Sulianti Saroso, Profesor dan Dokter Perempuan yang Mendunia
Hari ini Google memperingati ulang tahun ke 106 Profesor Doktor dokter Sulianti Saroso. Lewat doodle, Google ikut merayakan sosok perempuan Indonesia yang hebat dan mendunia.
Kelahiran Bali
Google menyebut Julie Sulianti Saroso lahir pada 10 Mei tahun 1917 di Karangasem Bali. Ayah Sulianti adalah seorang dokter yang menjadi inspirasinya, untuk memiliki profesi yang sama.
Setelah menyelesaikan pendidikan dasarnya di Europeesche Lagere School dan sekolah menengah elite Gymnasium Bandung, Sulianti Saroso melanjutkan sekolah kedokteran di Stovia di Batavia dan lulus sebagai dokter tahun 1942.
Setelah itu, di masa kependudukan Jepang, ia bekerja di RS Umum Pusat Jakarta, atau RS Cipto Mangunkusumo, dan kemudian dipindah ke Yogyakarta.
Ikut Berjuang
Selama masa revolusi ia juga ikut membantu mengirim obat ke kantung gerilyawan. Sulianti juga aktif dalam organisasi taktis seperti Wanita Pembantu Perjuangan, Organisasi Putera Puteri Indonesia, dan organisasi resmi Kongres Wanita Indonesia (KOWANI), dilansir dari Detik.
Selanjutnya, ia mendapat beasiswa dari WHO untuk melanjutkan studinya ke Eropa dan kemudian ke Amerika Serikat. Keahliannya bertambah, di bidang kesehatan masyarakat.
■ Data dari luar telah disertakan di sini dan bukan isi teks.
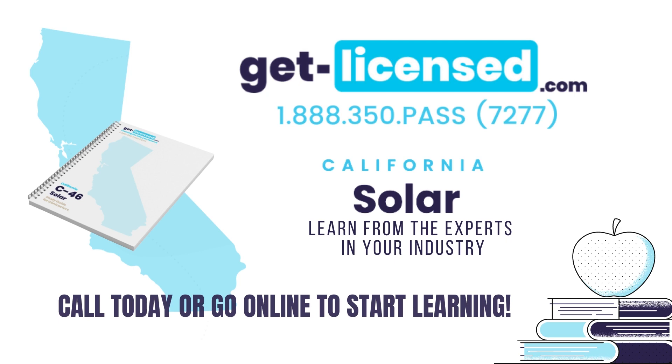We believe that the best study preparation products can only come from the best instructors. Our knowledge and passionate commitment are your assurance that we make it simple to pass your California contractors exam. By combining old world concepts and practices with the most current technology, we have developed simple, effective teaching curriculum with proven results. GetLicensed.com can help with an online prep course and books that will help you soar. We have helped countless contractors get ready for their exam — let GetLicensed.com help you pass with relative ease.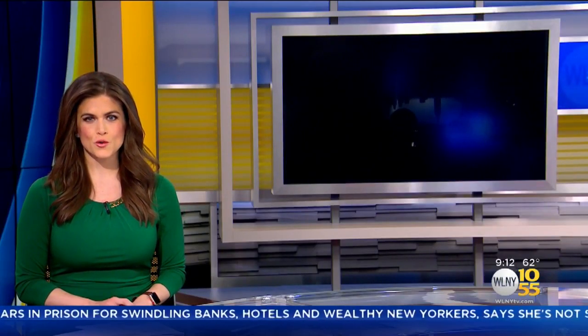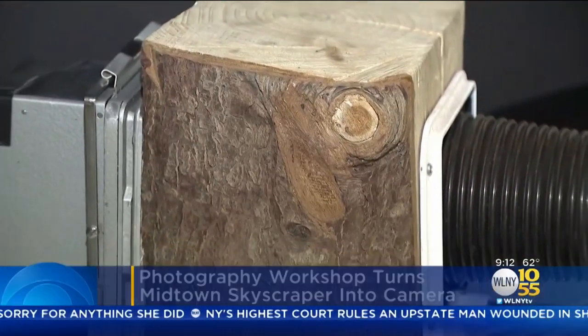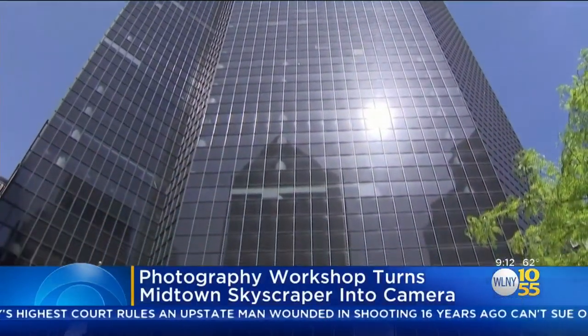A group of photography students creates a camera out of a midtown skyscraper. Camera builder Brendan Berry has built cameras out of mannequins, trees, and watermelons, but now he's taking his talents to new heights.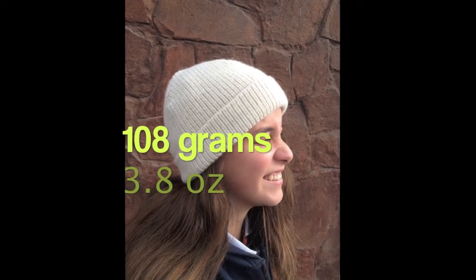You will not want to wear a synthetic beanie ever again. The Ultimate Llama Beanie has a unisex cuff design that covers your ears and protects the back of your neck. It weighs only 108 grams.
Ketika kembali ke Indonesia, tahun 1952, ia banyak memberikan pendidikan dalam hal keluarga berencana di Indonesia.
Sulianti Saroso kemudian bergabung dengan Kementerian Kesehatan, dan memimpin program penyediaan fasilitas kesehatan bagi perempuan dan anak di pedesaan.
Dikenal Dunia
Tahun 1969, Sulianti Saroso mulai mengajar di Universitas Airlangga, Surabaya. Namanya juga harum sebagai presiden perempuan kedua dari Presiden Majelis Kesehatan Dunia di tahun 1973, dan bertugas di banyak organisasi dunia, di antaranya sebagai Komite Pakar atas isu Kesehatan Ibu dan Anak di WHO, Komisioner PBB pada Pembangunan Komunitas untuk Afrika, dan anggota Komisi Perempuan Indonesia.
Jadi Nama Rumah Sakit
Dokter Sulianti Saroso pensiun di tahun 1978. Namun ia tetap banyak terlibat di berbagai kegiatan yang berkaitan dengan ibu dan anak. Ia juga kemudian banyak menekuni bidang sesuai kompetensi akademiknya, dalam hal penyakit menular.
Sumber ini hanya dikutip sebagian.